Task: Your answer should contain only the lines from the top of the data below down through the one with "Dramatic landscape at", transcribed exactly and without pictures; please include nothing more.

Data excerpts:

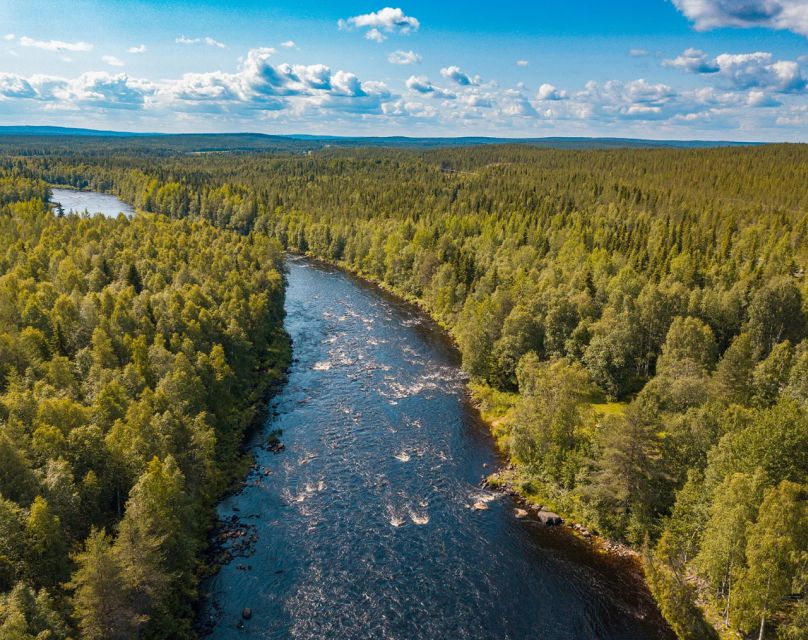 From Rovaniemi: Vikaköngäs Forest Hiking Tour - Is $123 a fair price?
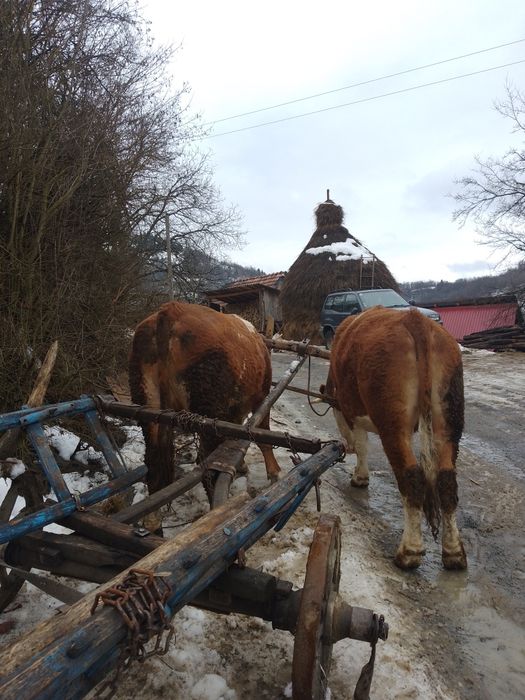 Boi de vânzare Lupsa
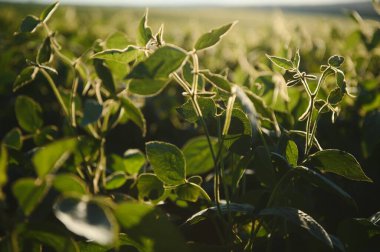 Dramatic landscape at sunset. Soybean lit by sunrays. Selective focus on detail
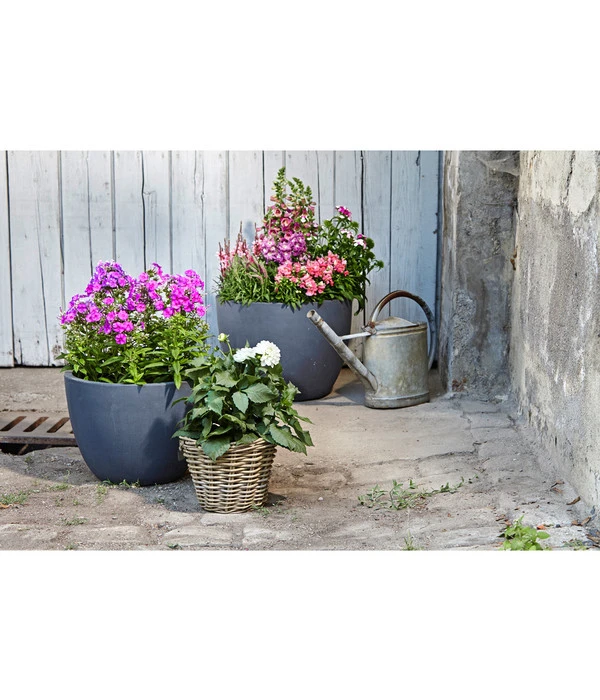 Dehner Leichtbeton-Pflanztopf Manchester, Rund, Antik-schwarz 6 Dehner Leichtbeton-Pflanztopf Manchester, Rund, Antik-schwarz – Bild 4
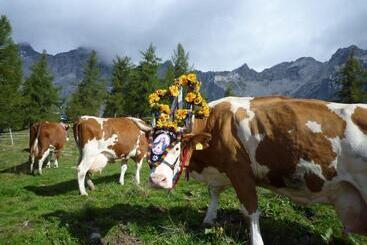 هاستل Pension Berghof
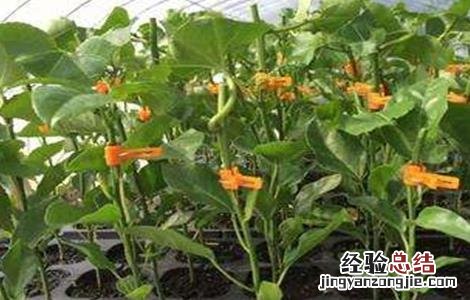 百香果的繁殖方法视频 百香果的繁殖方法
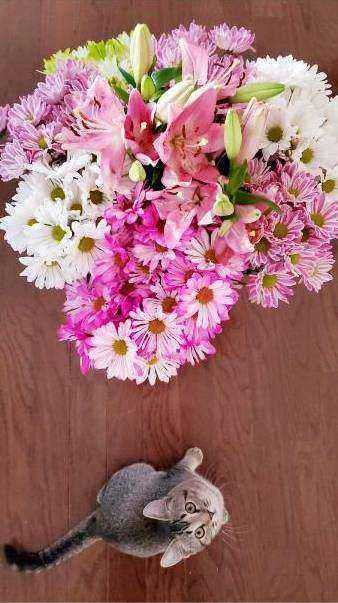 Elegant floral aisle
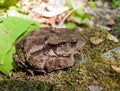 Toad (Bufo gargarizans) 1 Royalty Free Stock Photo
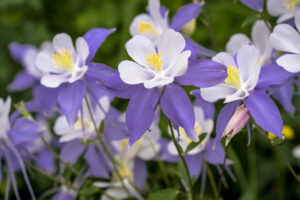 Blue Columbine wildflower blooms in mountain Aspen forest in early morning light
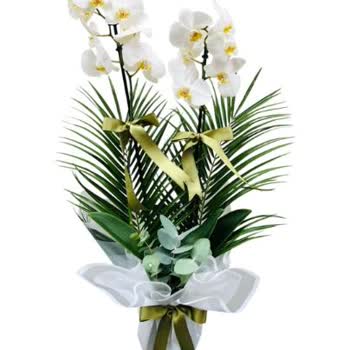 Görseldeki Ürünle Alakasız Orkide Gönderimi Ve Ücret İadesi Talebi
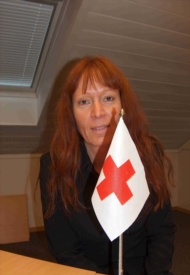 Mangler nettverk
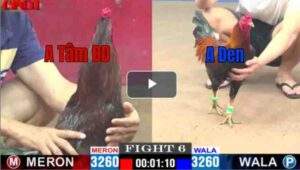 Trận 6 CPC1 17/04/2025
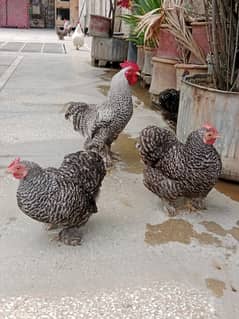 Feather Legged- bantam breeds with feathering on their legs and feet
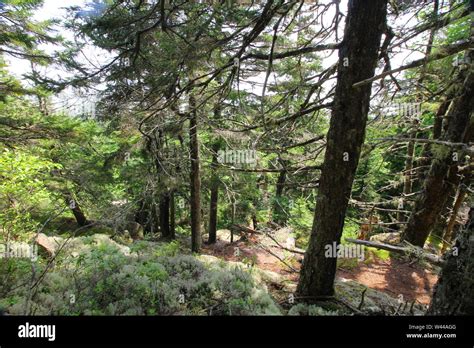 Anvil Trail, Acadia National Park, Maine Stock Photo - Alamy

Task response:
 From Rovaniemi: Vikaköngäs Forest Hiking Tour - Is $123 a fair price?
 Boi de vânzare Lupsa
 Dramatic landscape at sunset. Soybean lit by sunrays. Selective focus on detail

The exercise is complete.